Athletic Director of Vanderbilt University
- In office February 1, 2019 – February 4, 2020
- Preceded by: David Williams II
- Succeeded by: Candice Storey Lee

President of the NBA G League
- In office November 12, 2014 – January 11, 2019
- Preceded by: Dan Reed
- Succeeded by: Shareef Abdur-Rahim

Personal details
- Education: University of North Carolina at Chapel Hill (BBA) Harvard University (JD, MBA)

= Malcolm Turner =

American sports administrator

Malcolm Turner is an athletics administrator who most recently served as the Athletic Director at Vanderbilt University. Prior to this role, he served as the president of the NBA G League.

== Early life ==
Turner attended the University of North Carolina at Chapel Hill where he was a Morehead-Cain Scholar. He was member of Alpha Phi Alpha fraternity. He graduated with a business degree and was a Rhodes Scholar finalist.

He earned joint J.D. and M.B.A degrees from Harvard University.

== Career ==
Turner is a member of the New York State Bar. Turner worked at Wasserman Media Group, serving as the managing director of the golf division. Prior to his role in the golf division, Turner helped build Wasserman’s consulting division as its managing director, creating and managing sports, entertainment, venue and new product launch strategies for leading corporate brands and properties.

On October 31, 2014, Malcolm Turner was hired as the president of the NBA Development League (NBA D-League). As president, the league grew from 14 to 27 teams as of the 2018–19 season. Under his leadership, Gatorade became the title sponsor of the D-League, and it was renamed the NBA G League prior to the 2017–18 season.

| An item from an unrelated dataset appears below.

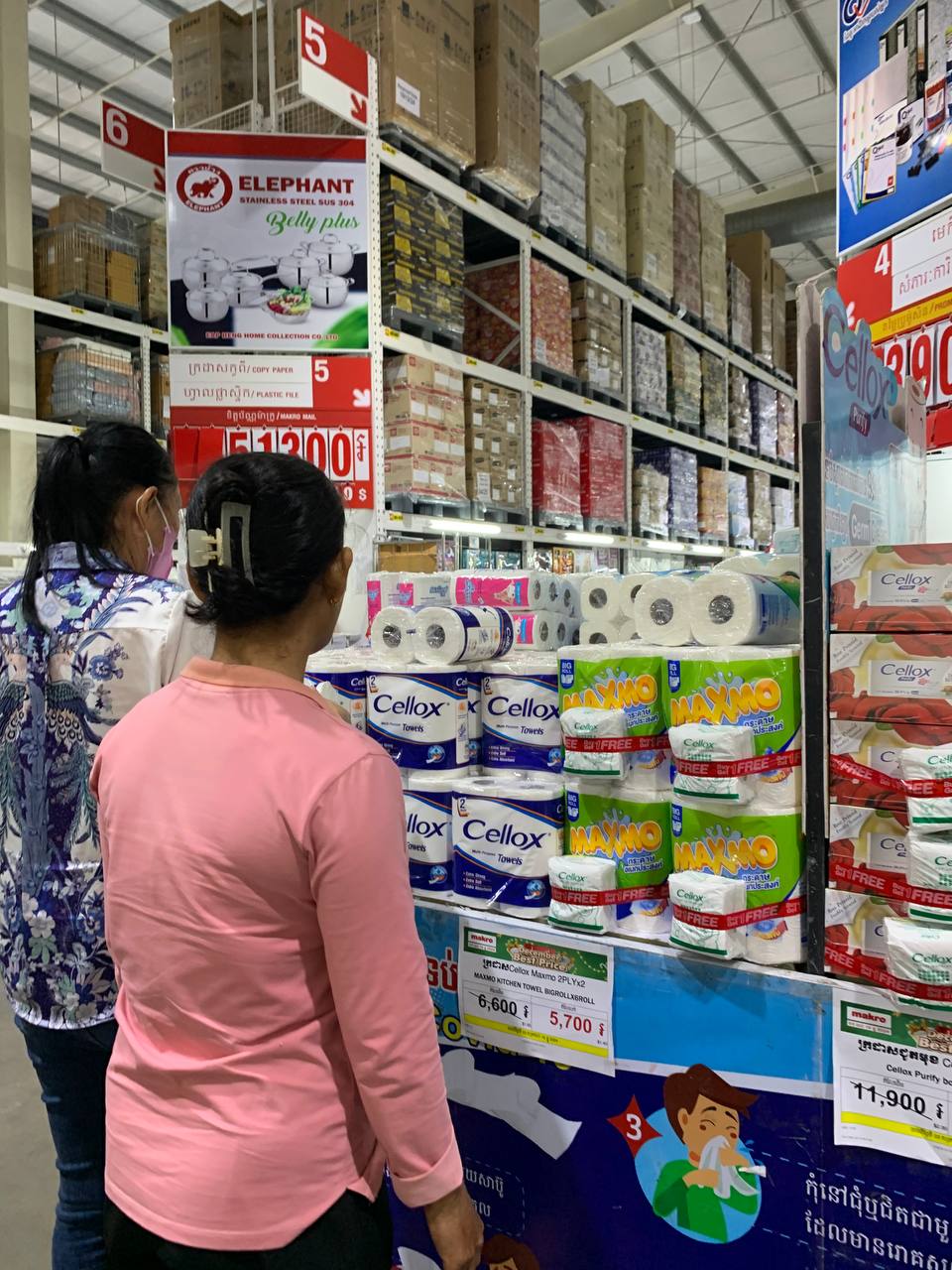 Modern Trade Distribution Boosting FMCG Sales with BJC Products at Makro Market In Cambodia - Image 45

On February 1, 2019, Turner became the Athletic Director at Vanderbilt University. He resigned on February 4, 2020.

== Awards and honors ==
At UNC, he received the Ernest L. Mackie Chancellor’s Award for character, scholarship and leadership. He was named in SportsBusiness Journal’s “Forty Under 40” in 2007.

== Personal life ==
Turner served on the advisory boards of Teach for America, the UNC Kenan–Flagler Business School, and the Morehead-Cain Scholarship Fund.